Open swinterbourne opened 3 years ago
The adapters used were: CTGTAGGCACCATCAAT. Some confusion as to whether there are UMI present due the methods being based on the Ingolia et al 2012 Nature protocols and some modifications on the rRNA removal and sample purification procedures which are described here: https://github.com/GCA-VH-lab/RiboSeqPy and https://github.com/GCA-VH-lab/Lab_protocols
As per @ewallace suggestions – troubleshooting to find out whether there are UMIs present or not:
CTGTAGGCACCATCAAT
adapter and no random nucleotides before that, create a config.yaml for that.I ran the Kasari dataset with a config.yaml where umi_regexp: null.
, assuming no UMIs present. It seemed to produce alignments that made sense when comparing the graphs that were produced with the PDFs produced from Weinberg et al (https://github.com/riboviz/example-datasets/issues/20#issuecomment-778411965).
However, for the 3ntframe_propbygene graph the proportions are very similar between frame 0 and 2.
PDFs for the run complete without UMIs are linked here: 3nt_periodicity.pdf 3ntframe_propbygene.pdf codon_ribodens.pdf features.pdf pos_sp_rpf_norm_reads.pdf read_lengths.pdf startcodon_ribogrid.pdf startcodon_ribogridbar.pdf
After a discussion with @FlicAnderson yesterday we have decided to leave this dataset on pause and move on to the next dataset that needs to be added (#55).
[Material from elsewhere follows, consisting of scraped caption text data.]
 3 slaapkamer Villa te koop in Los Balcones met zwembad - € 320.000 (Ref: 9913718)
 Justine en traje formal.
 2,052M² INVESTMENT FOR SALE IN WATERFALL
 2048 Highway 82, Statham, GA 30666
If further investigation of the outputs are necessary (such as UMI troubleshooting) this will be completed in tandem with any other datasets that require similar investigation.
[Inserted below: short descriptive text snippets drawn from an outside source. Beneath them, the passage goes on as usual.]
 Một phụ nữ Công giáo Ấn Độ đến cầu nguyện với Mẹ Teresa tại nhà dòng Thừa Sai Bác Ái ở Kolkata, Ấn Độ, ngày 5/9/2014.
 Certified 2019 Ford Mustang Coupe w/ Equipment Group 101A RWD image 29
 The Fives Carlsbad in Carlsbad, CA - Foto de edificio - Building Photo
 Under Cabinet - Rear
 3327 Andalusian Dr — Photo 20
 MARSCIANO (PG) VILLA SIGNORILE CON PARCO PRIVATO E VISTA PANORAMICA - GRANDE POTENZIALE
The full dataset does run to completion, but I think I've found some of the issues @swinterbourne discovered previously when running this to review the PR #63.
I can try and have another look at the methods info in the paper, but I think we're possibly reaching the "email the authors" stage.
I'd advise not closing this PR just yet until we resolve/confirm.
It'd probably also be helpful to re-run using the .html output (riboviz/#193) to allow easier comparison of outputs between samples?
Looking again at this (see comment on pull request) I decided to look over the code provided by the Hauryliuk & Atkinson labs.
Their pipeline part 1 includes alternately commented code in the cutadapt call, described lines 333-340:
#eEF3
CutAdapt = ["cutadapt","--discard-untrimmed", "-j", Params['cpu'], "-a","CTGTAGGCACCATCAAT","-o","2-Trimmed/","1-Raw/"]
CutAdapt[7] += iX + ".fastq.gz"
CutAdapt[8] += iX + ".fastq.gz"
#New1
#CutAdapt = ["cutadapt", "--discard-untrimmed", "-j", Params['cpu'], "-u", "3","-a", "NNNNCTGTAGGCACCATCAAT","-o", "2-Trimmed/", "1-Raw/"]
#CutAdapt[9] += iX + ".fastq.gz"
#CutAdapt[10] += iX + ".fastq.gz"
This probably means that some of the samples have a 4nt UMI while others do not. The riboviz pipeline is not flexible to using different adapters for different samples in the same run (which I do not view as a problem).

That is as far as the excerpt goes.